Tour de France organisers have urged cycling's world governing body to make doping bans tougher in the wake of the Cofidis scandal.
"I'm publicly and officially asking the UCI (International Cycling Union) to agree to a two-year ban," said Tour organiser Patrice Clerc.
"I'm sure that the majority of the riders are not cheating but we have to get rid of those who are."
French police raided Cofidis premises on 12 January during a doping inquiry.
Clerc, president of Amaury Sport Organisation, the Tour owner, told French newspaper L'Equipe: "We must put our trust in the code of the World Anti-Doping agency (WADA).
"We must stop arguing that a two-year ban would be too harsh
"It will be an inch-by-inch, long-term fight.

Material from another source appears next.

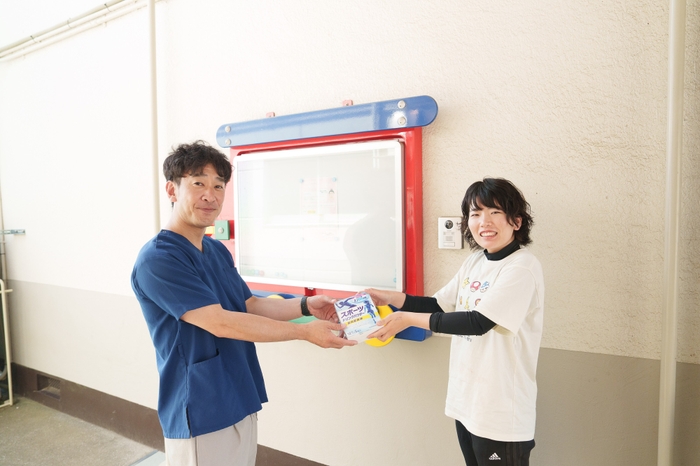 保育園に経口補水液を寄付(5)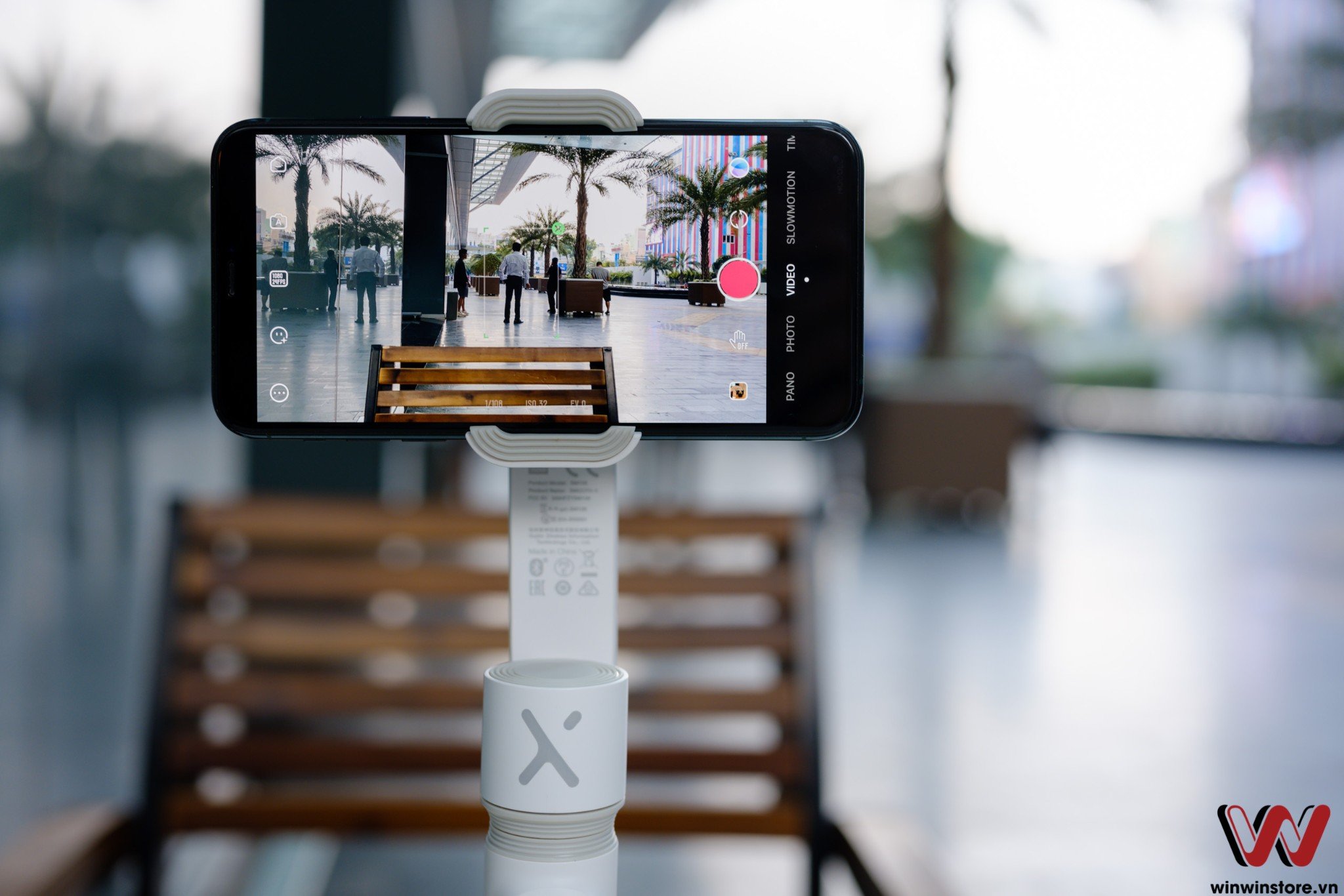 Trên tay tay cầm chống rung cho smartphone Zhiyun Smooth X, có thể gấp gọn, giá 1,190,000 VND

"We all have to unite, riders, sponsors, federations, political
authorities, justice, police."
Two Cofidis team assistants and two riders, Cedric Vasseur
and Philippe Gaumont, were detained for questioning about the
alleged trafficking of banned substances.
Gaumont was released but is under official investigation, while Vasseur, who led the 1997 Tour de France for five days, was freed without charge.
The Cofidis affair threatens to be the biggest scandal in cycling since a large assortment of drugs were found in a Festina team car during the 1998 Tour de France.